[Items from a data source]
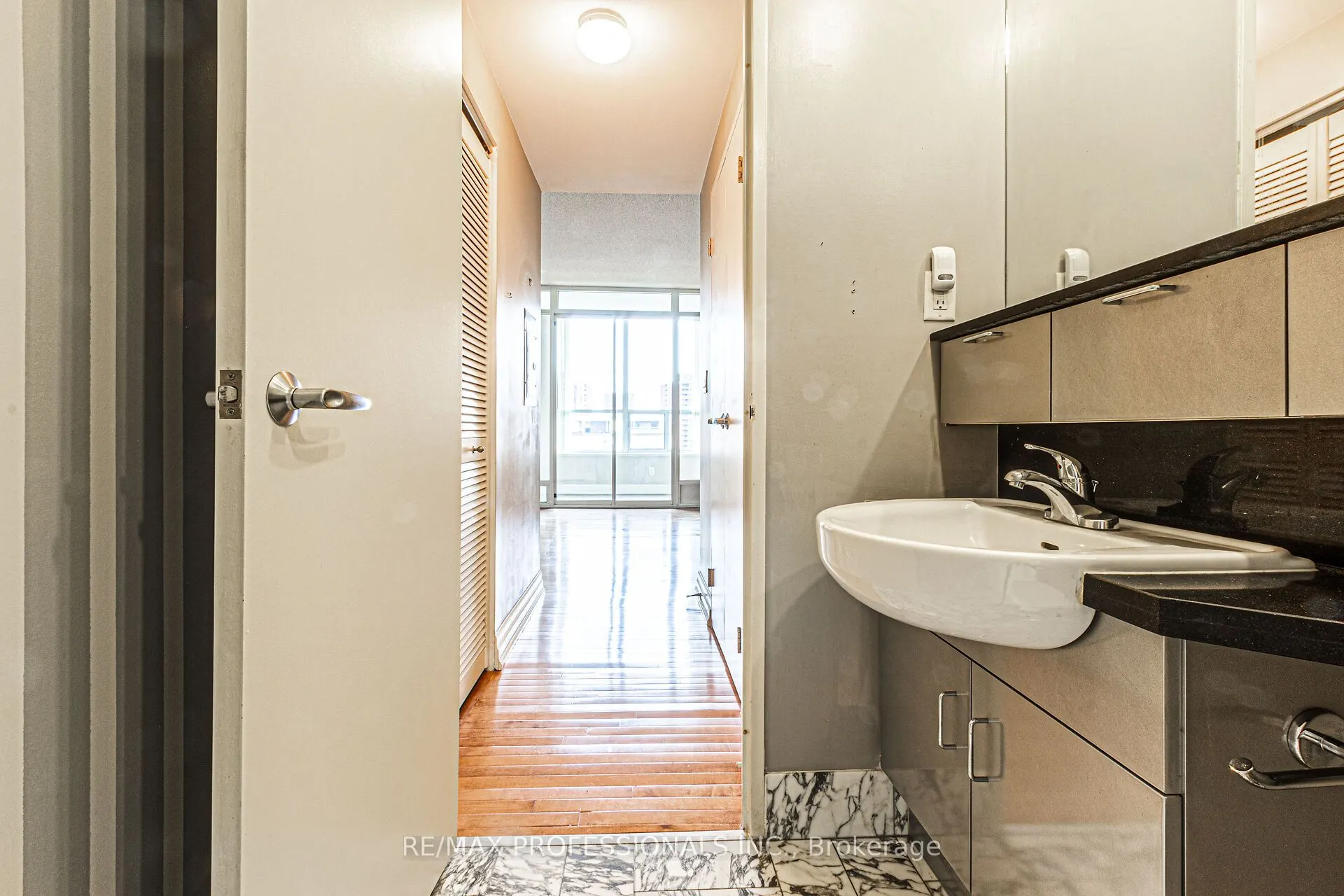 70 Alexander Street, #1007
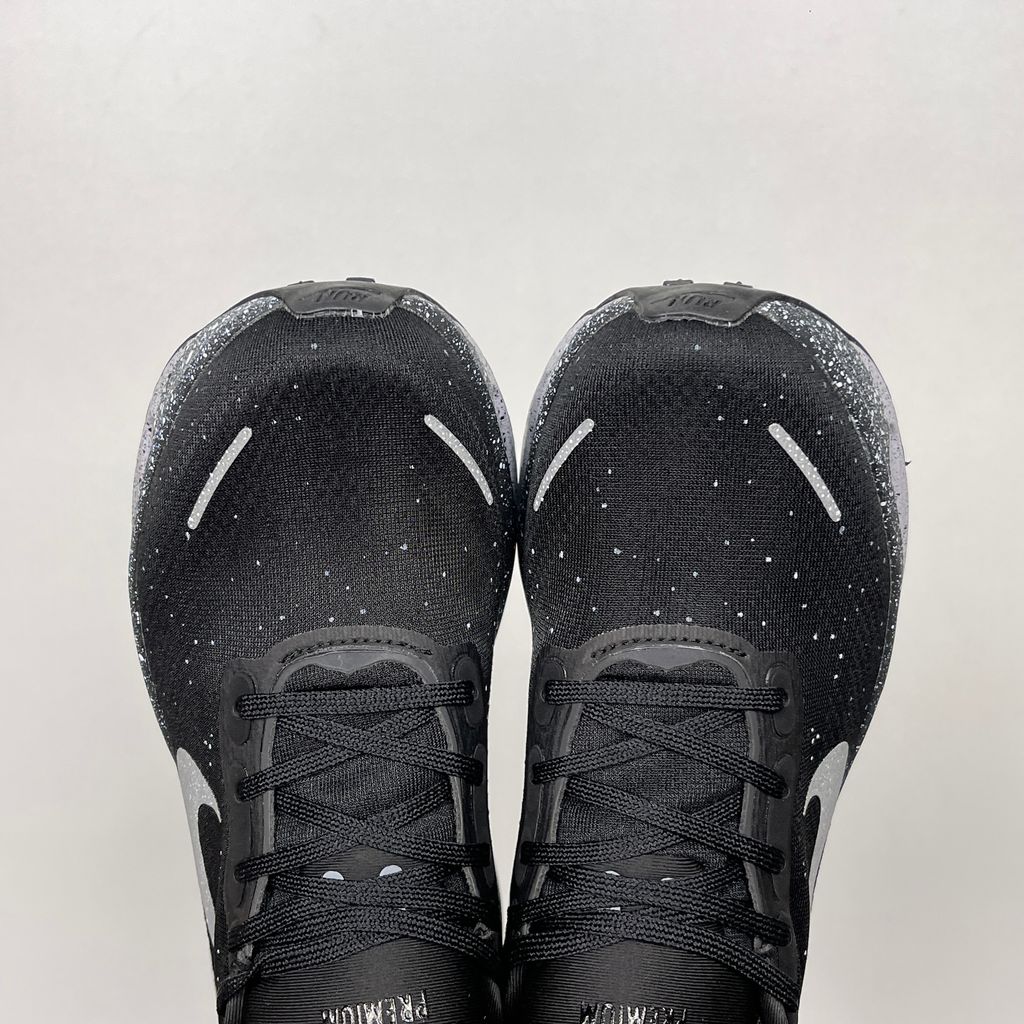 Nike Vomero Premium IU2827-001 Black White Metallic Silver Running Shoes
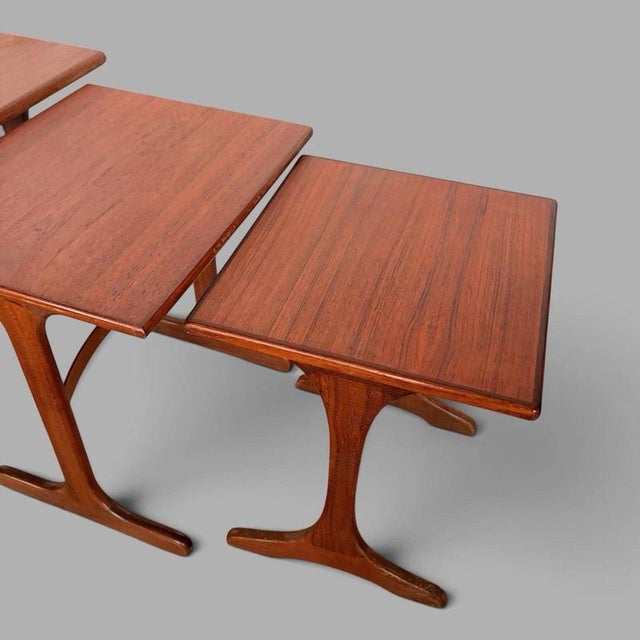 Mid-Century Teak Nest of Three Tables by V. B. Wilkins for G Plan, 1960s For Sale - Image 4 of 7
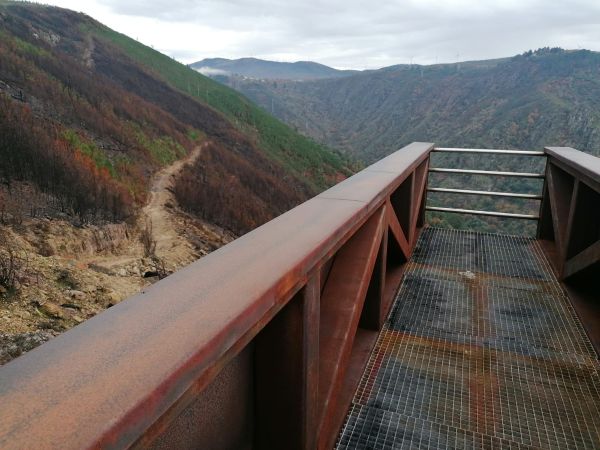 Mirador Pena do Conde (cREAgal) Imagen del Mirador Pena do Conde después del incendio sin madera en la pasarela y sin vegetación alrededor.
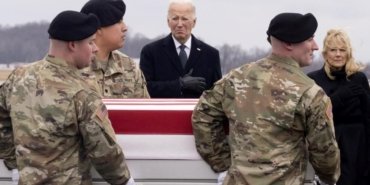 Biden, Ürdün’de ölen 3 ABD askeri için düzenlenen törene katıldı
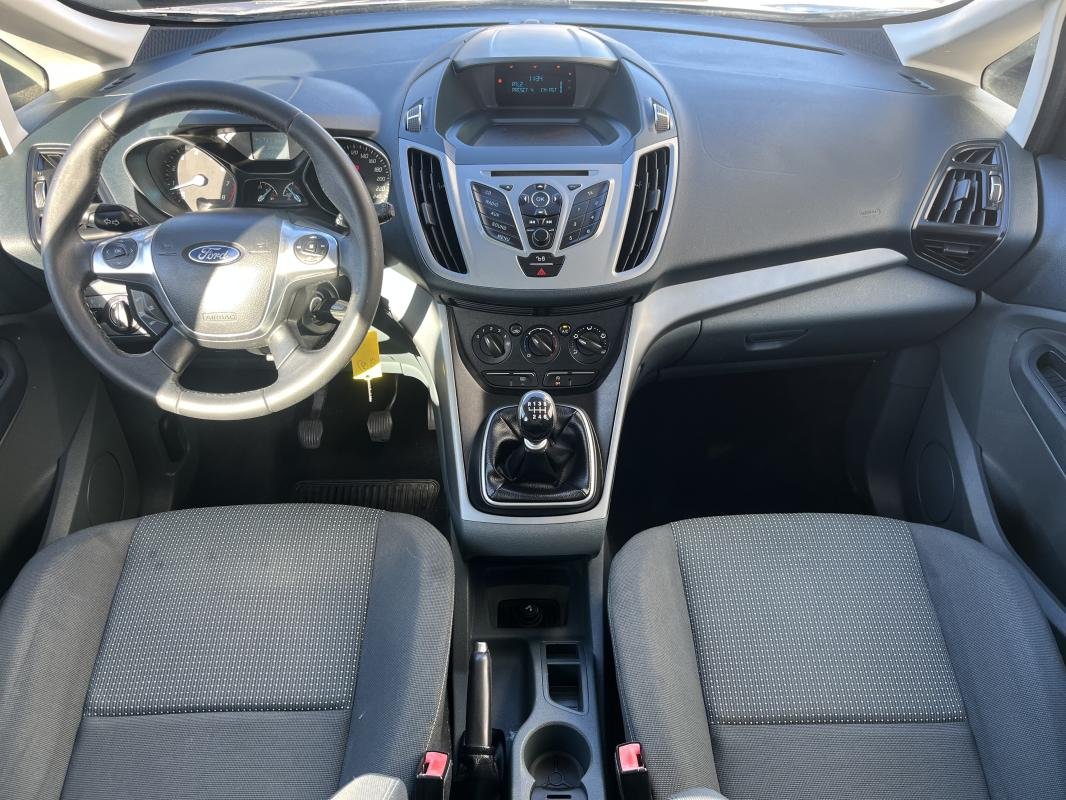 Ford C-Max - Photo 15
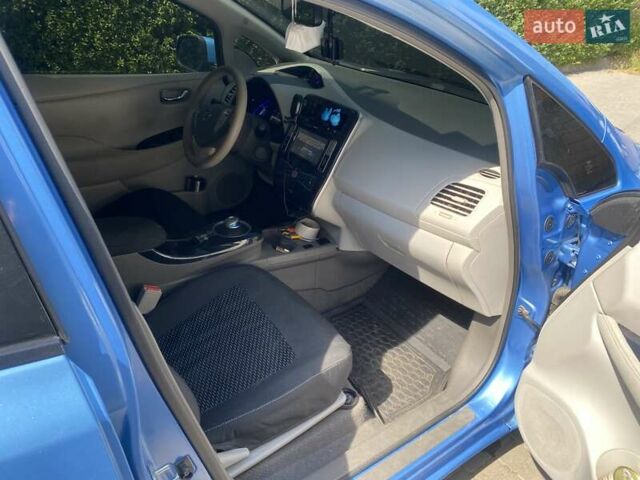 Синий Ниссан Лиф, объемом двигателя 0 л и пробегом 150 тыс. км за 5000 $, фото 5 на Automoto.ua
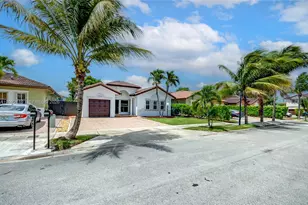 15548 SW 19th Ln, Miami, FL 33185 - Photo 1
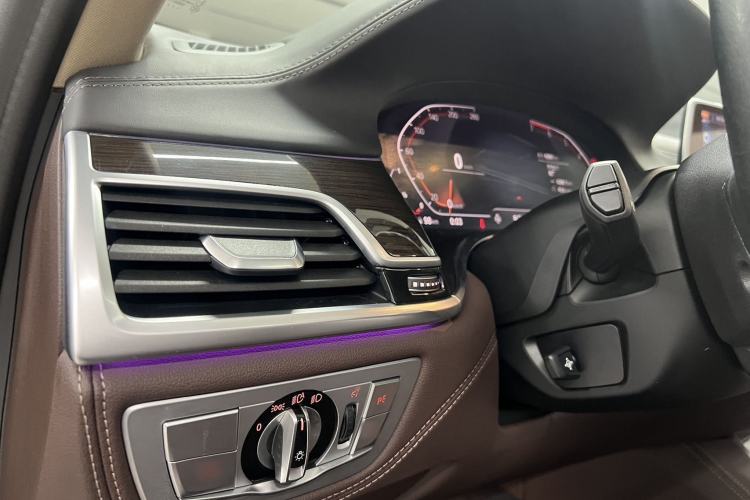 Used BMW 7 Series 2019 Updated 730Li Luxury Package Interior 2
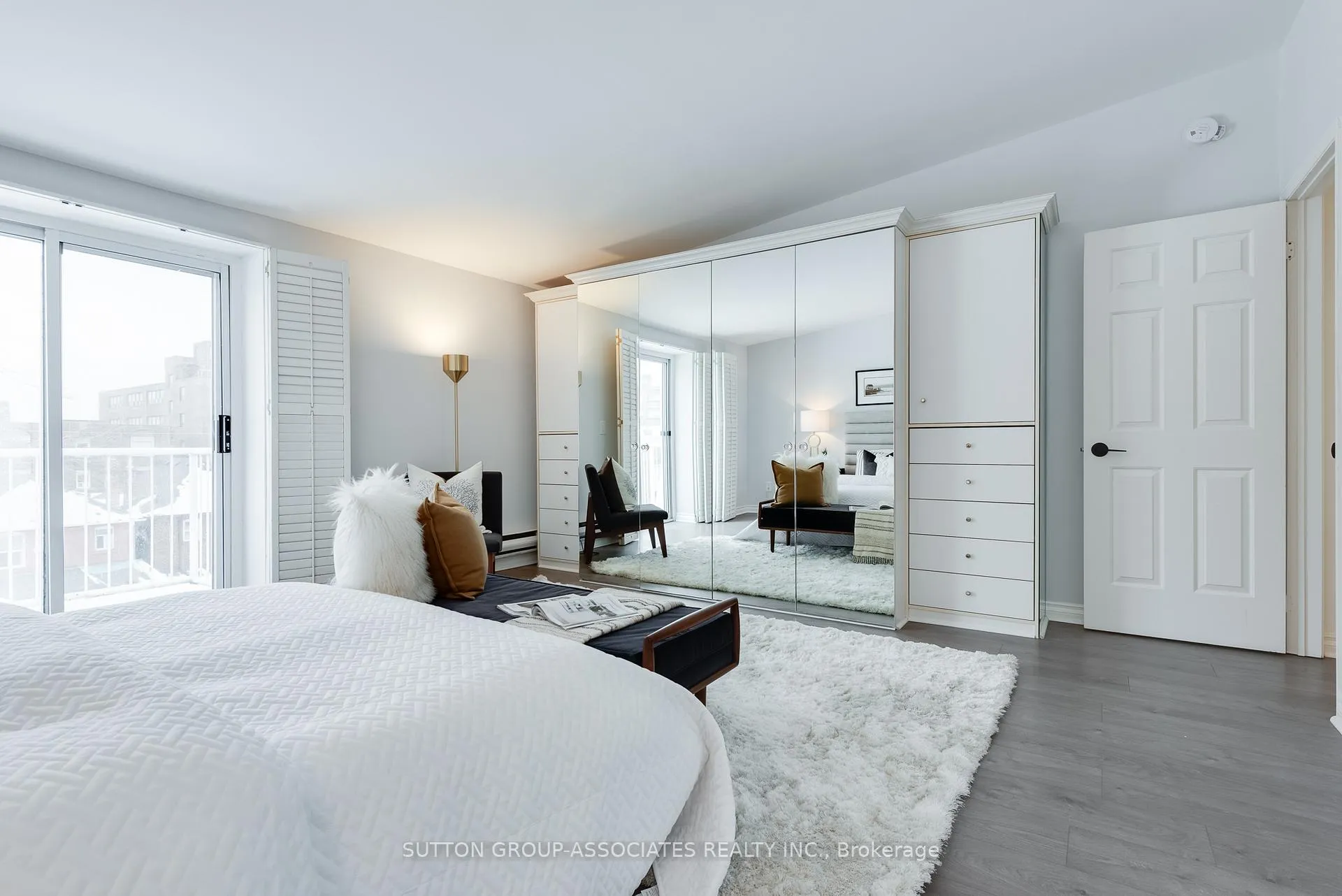 Photo 21 of 27B Claxton Boulevard, Toronto, Humewood-Cedarvale — HOMEH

### TASK DETAILS
In the answer, include exactly the lines from the one containing "Nike Vomero Premium" through the end of the records above and no pictures at all.

### OUTPUT FOR THIS TASK
 Nike Vomero Premium IU2827-001 Black White Metallic Silver Running Shoes
 Mid-Century Teak Nest of Three Tables by V. B. Wilkins for G Plan, 1960s For Sale - Image 4 of 7
 Mirador Pena do Conde (cREAgal) Imagen del Mirador Pena do Conde después del incendio sin madera en la pasarela y sin vegetación alrededor.
 Biden, Ürdün’de ölen 3 ABD askeri için düzenlenen törene katıldı
 Ford C-Max - Photo 15
 Синий Ниссан Лиф, объемом двигателя 0 л и пробегом 150 тыс. км за 5000 $, фото 5 на Automoto.ua
 15548 SW 19th Ln, Miami, FL 33185 - Photo 1
 Used BMW 7 Series 2019 Updated 730Li Luxury Package Interior 2
 Photo 21 of 27B Claxton Boulevard, Toronto, Humewood-Cedarvale — HOMEH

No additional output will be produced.